## Excerpted records
•••••
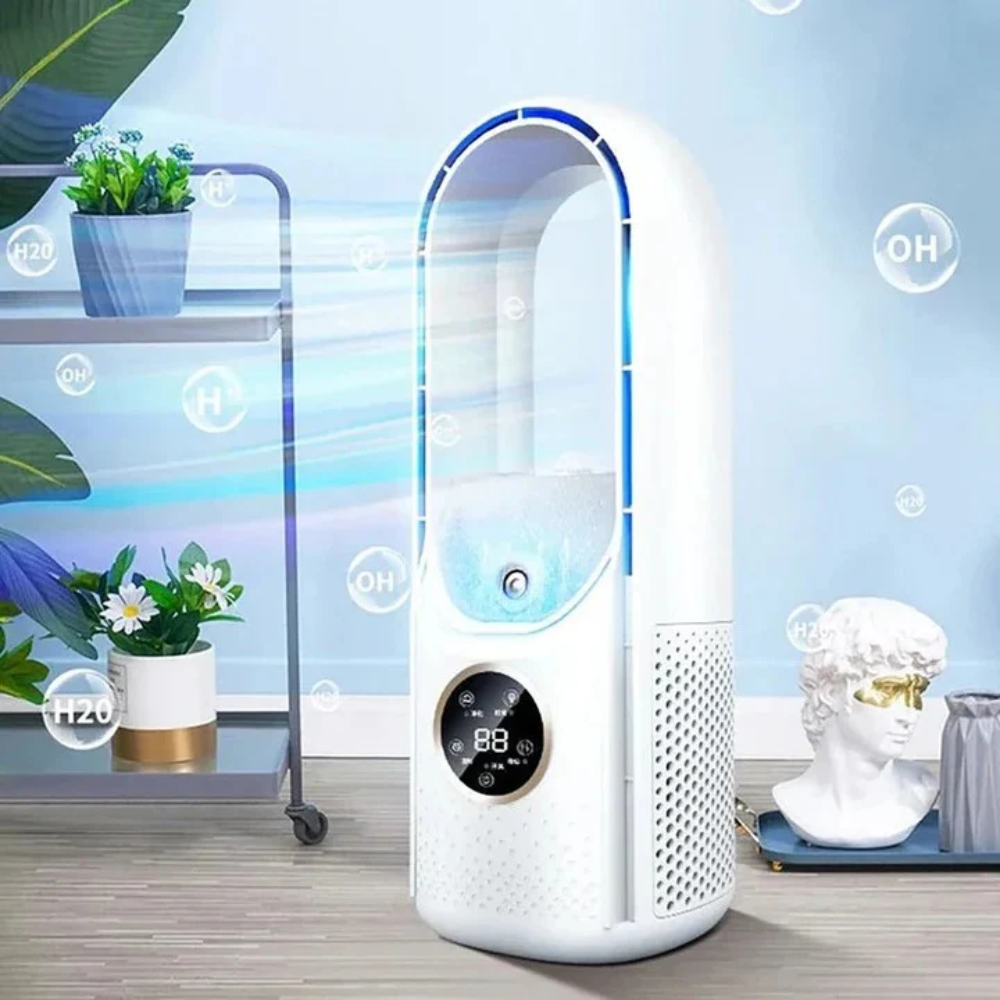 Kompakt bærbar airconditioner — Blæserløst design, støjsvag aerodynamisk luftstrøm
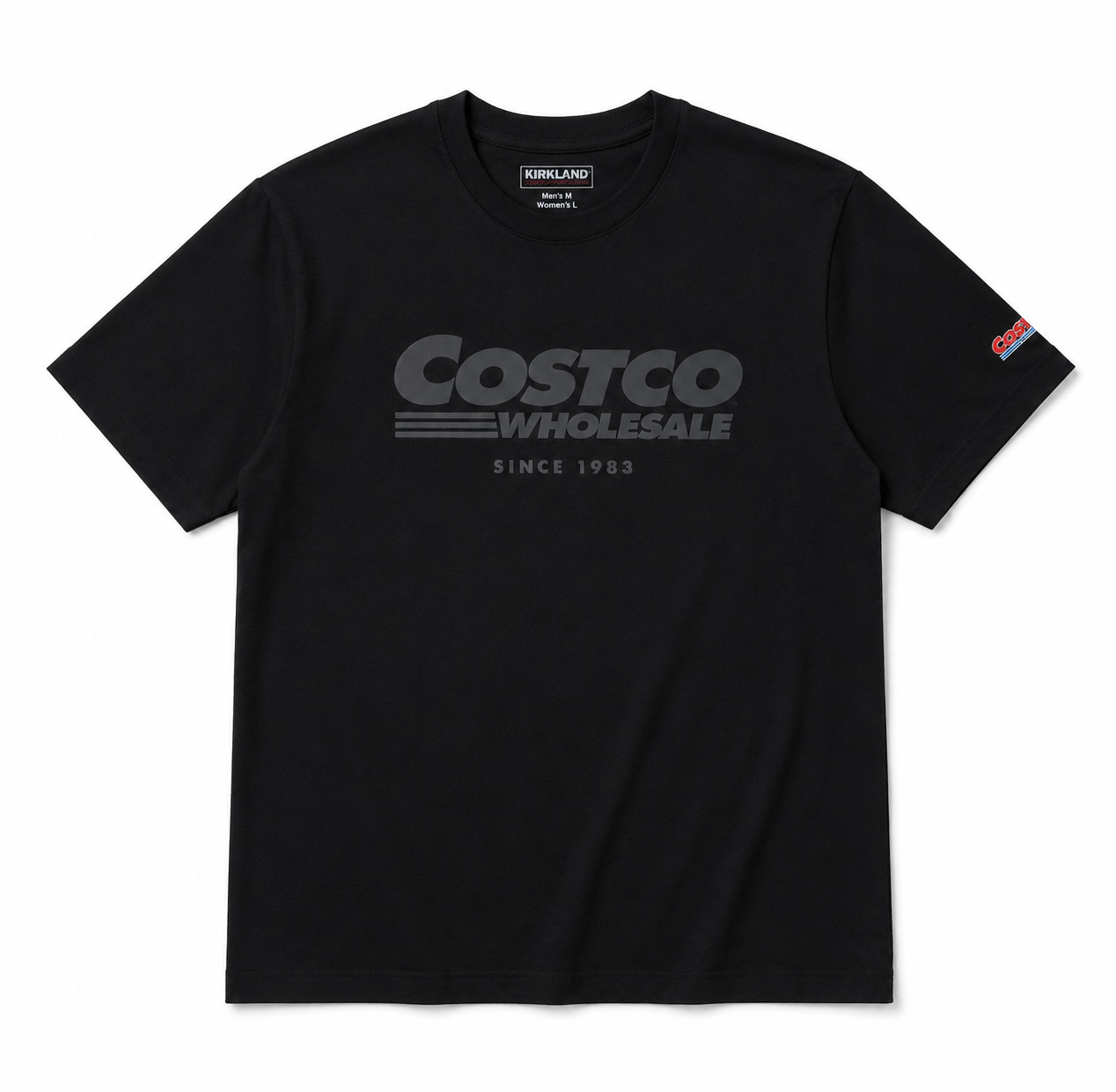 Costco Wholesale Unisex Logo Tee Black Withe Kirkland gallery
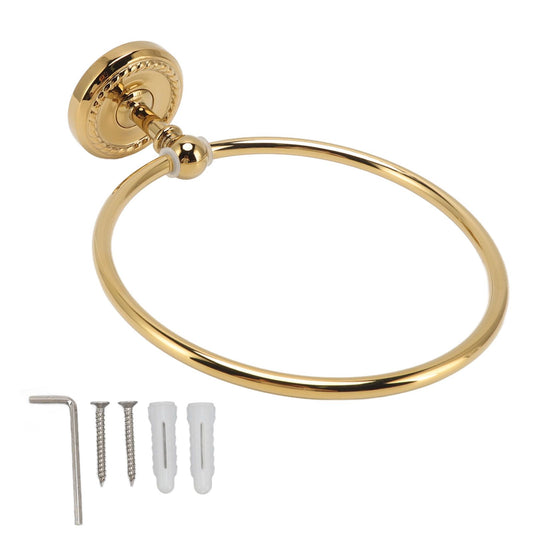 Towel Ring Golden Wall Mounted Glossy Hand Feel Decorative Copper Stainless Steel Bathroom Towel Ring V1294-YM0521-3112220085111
•••••
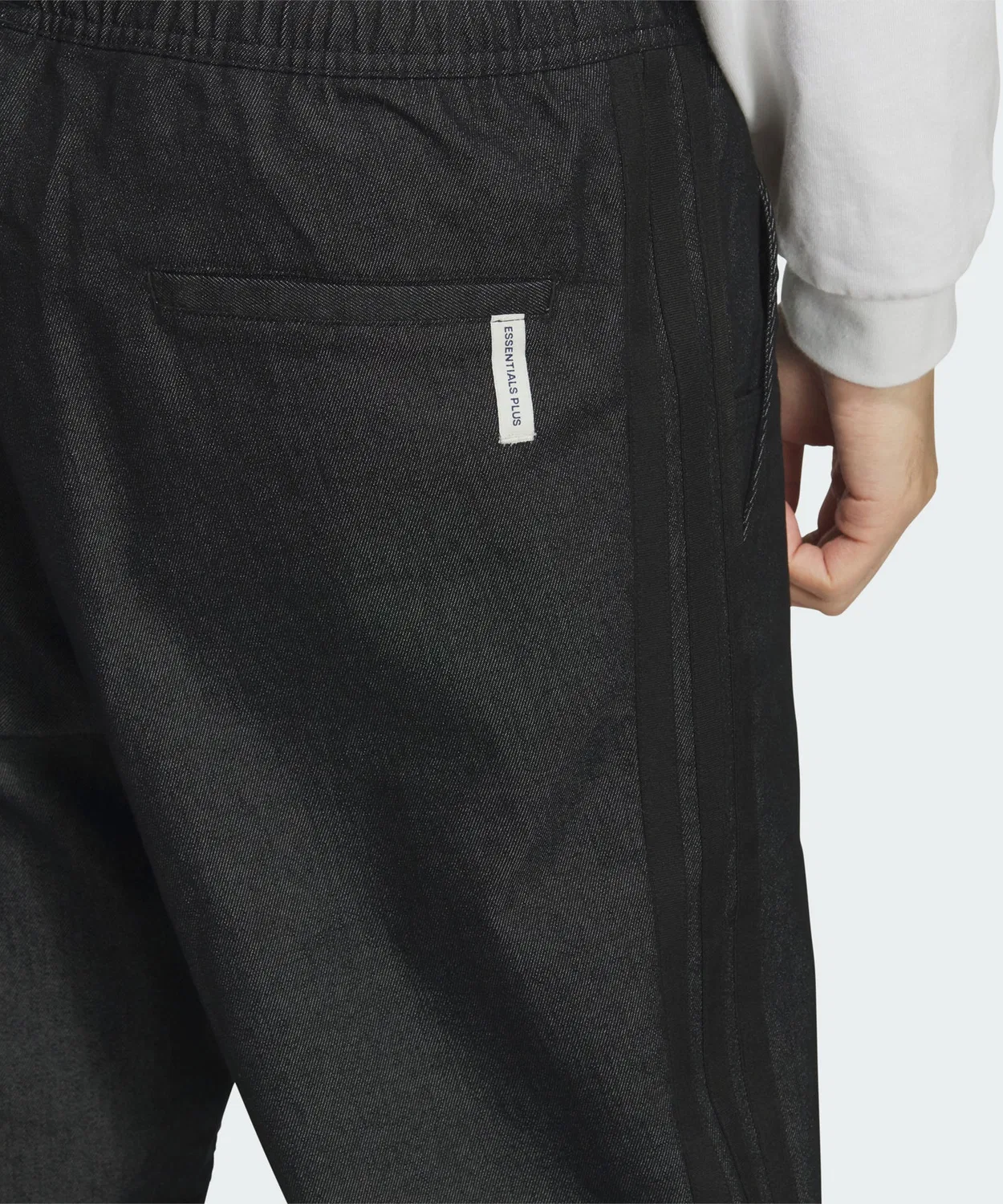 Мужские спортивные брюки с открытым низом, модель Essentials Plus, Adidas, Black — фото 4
•••••
## What is expected
Copy only what runs above from the line containing "Kompakt bærbar airconditioner" through the line containing "Towel Ring Golden", exactly. Leave out the pictures.

## Your solution
 Kompakt bærbar airconditioner — Blæserløst design, støjsvag aerodynamisk luftstrøm
 Costco Wholesale Unisex Logo Tee Black Withe Kirkland gallery
 Towel Ring Golden Wall Mounted Glossy Hand Feel Decorative Copper Stainless Steel Bathroom Towel Ring V1294-YM0521-3112220085111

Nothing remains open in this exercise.